Trzy lata temu ministerstwo wydało rozporządzenie na Mocy którego każdy reprezentant kraju w nieolimpjskim sporcie drużynowym, który wraz ze swoją ekipą zdobędzie tytuł mistrza świata, zainkasować powinien z budżetu 14 000 złotych. Nie będziemy tu wchodzić w detale czy dużo to czy mało, ograniczymy się tylko do stwierdzenia, że za tę kwotę wyemigrowalibyśmy do Hiszpanii i założyli LosZczubos.es.
Tak czy siak żużlowcom się te pieniądze należały, nie dostaną ich jednak.
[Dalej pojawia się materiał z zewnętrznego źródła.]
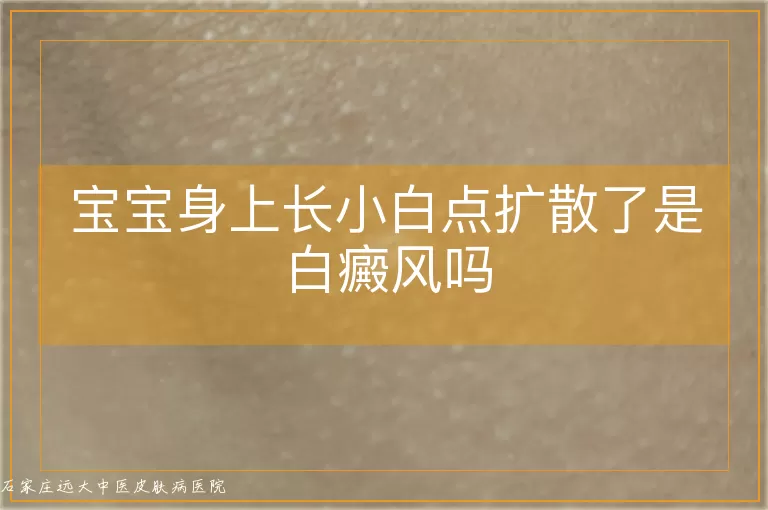 宝宝身上长小白点扩散了是白癜风吗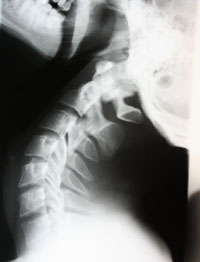En whiplashskada kan vanligtvis behandlas effektivt av en kiropraktor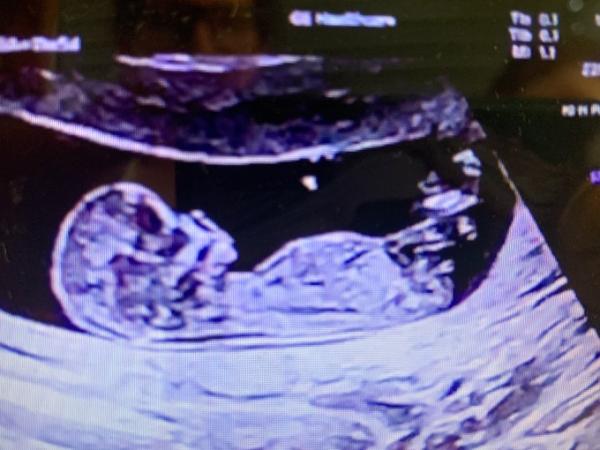 Bild zu Mädchen oder Junge - Forum für August - Mamis
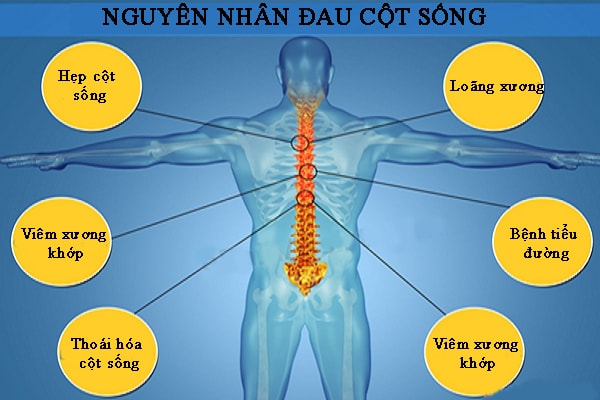 Nguyên nhân gây ra đau cột sống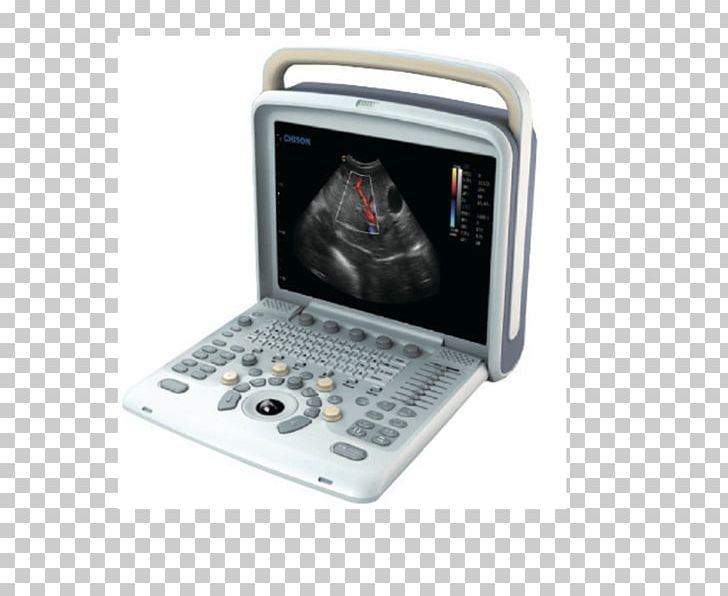 Ultrasonography Portable Ultrasound Obstetrics And Gynaecology Radiology PNG, Clipart, Doppler Echocardiography, Electronics, Medical Diagnosis, Medical Equipment, Medical Imaging Free PNG Download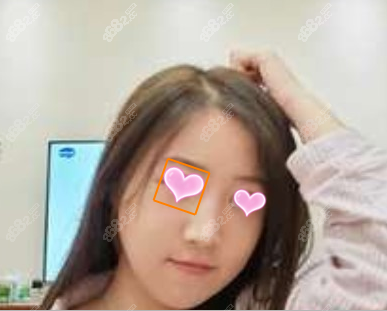 <!--<i data=20240705-sp></i>-->下颌角截骨范例术后 <!--<i data=20240705-sp></i>-->下颌角截骨范例术后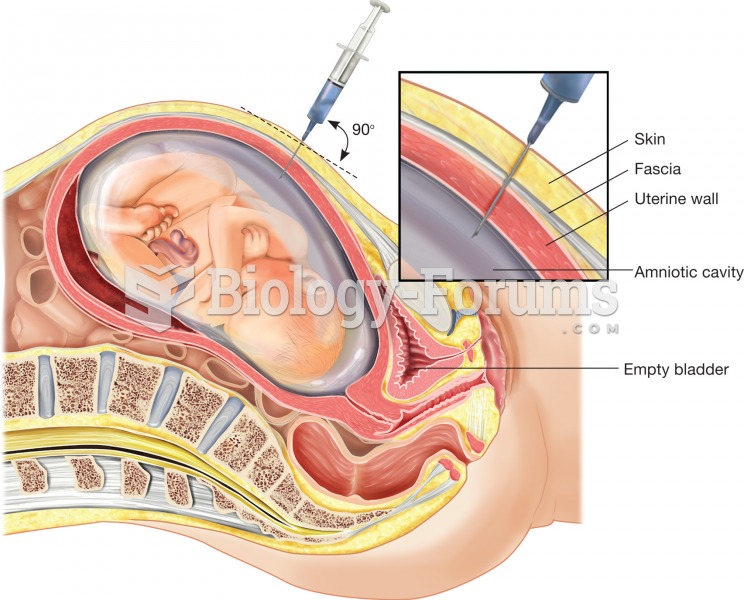 Amniocentesis. In this examination procedure, amniotic fluid is aspirated with a syringe that is ins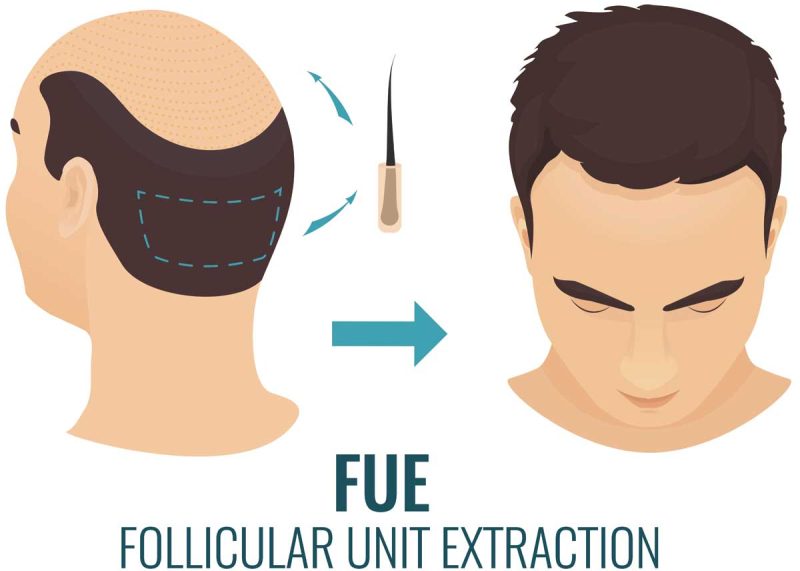 fue grafts FUE Follicular unit extraction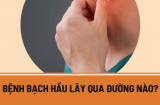 Bệnh bạch hầu lây qua đường nào, làm sao để phòng tránh?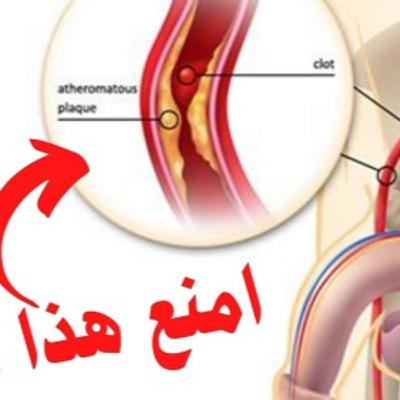 كيف تحافظ على صحة القضيب؟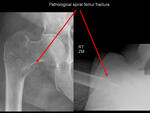 Pathological spiral femur fracture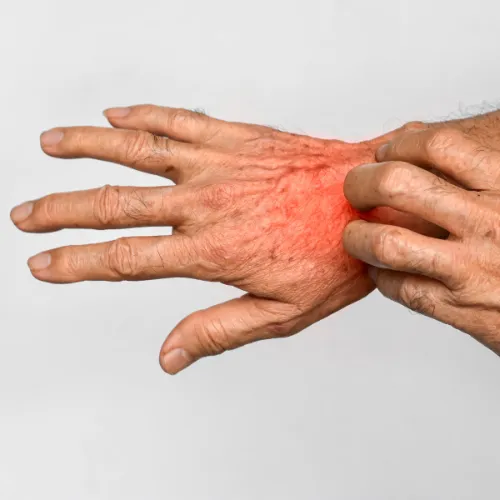 Fungal infections
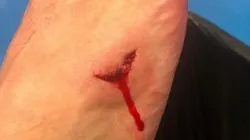 El pie de Máxi López luego del corte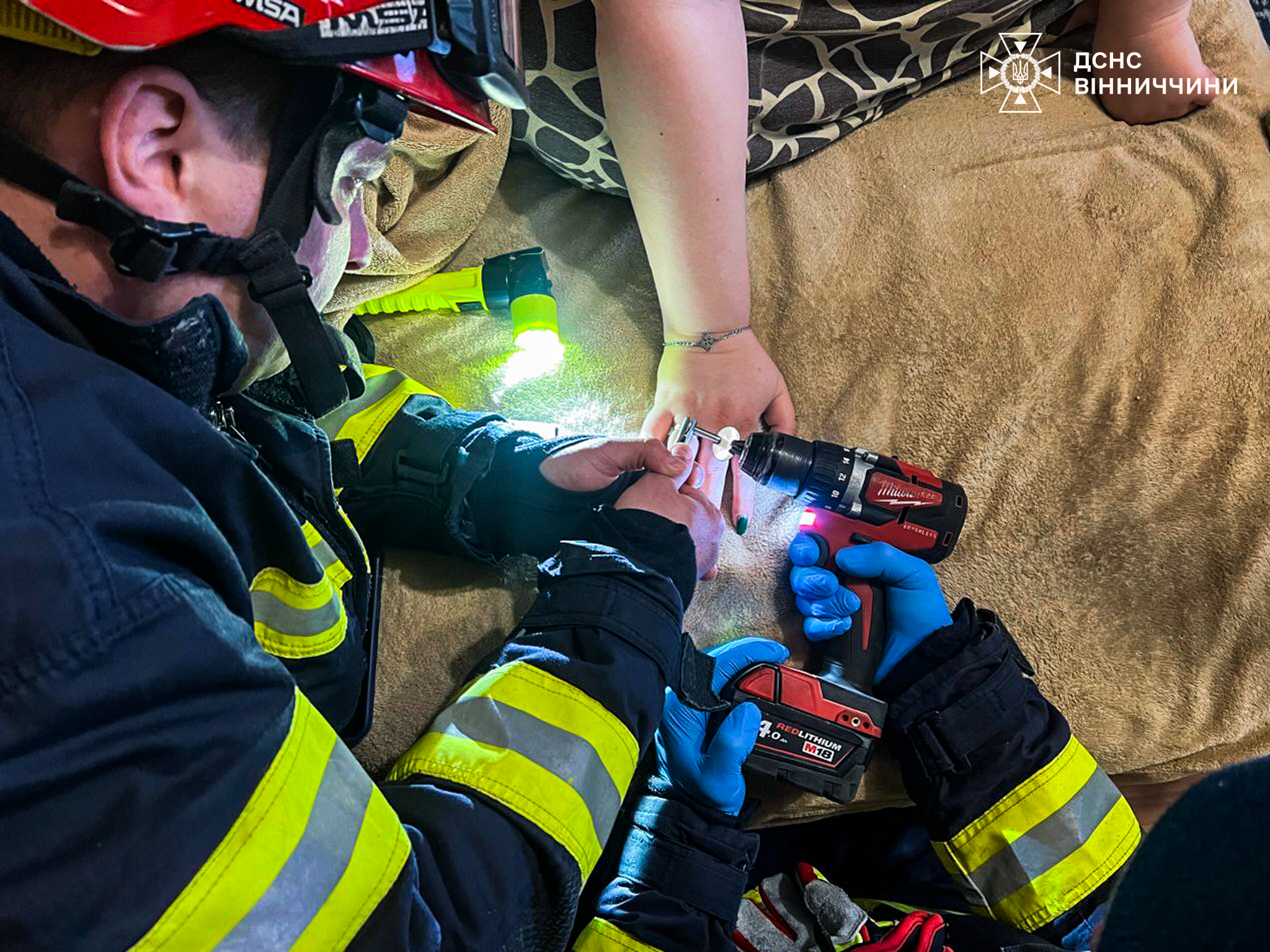 У Вінниці рятувальники допомогли жінці зняти обручку через набряк пальця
Ministerialni urzędnicy uznali bowiem, że oficjalna nazwa zawodów, w któcyh tryumfowali Polacy to Drużynowy Puchar Świata i że nigdzie nie ma tam słowa ''mistrzostwo''. Zignorowali przy tym takie drobne detale, jak to, że na medalach nasi zawodnicy mają napisane ''mistrzowie świata'', a także fakt, że DPŚ to jedyna impreza tej rangi na całym globie, więc nic innego ''mistrzostwami'' być nie może. Pieniędzy zatem nie ma, a nawet jeśli się pojawią, przeznaczone zostaną w Ministerstwie Sportu na spinacze, kubki do kawy i plakaty Tokio Hotel w skali 1:1. Nie ma się zatem co dziwić żużlowcom, że są rozżaleni.
Walcząc o 14 tysięcy kopalibyśmy się z koniem, Jean-Claudem Van Dammem, Chuckiem Norrisem i Dikembe Mutombo. Naraz.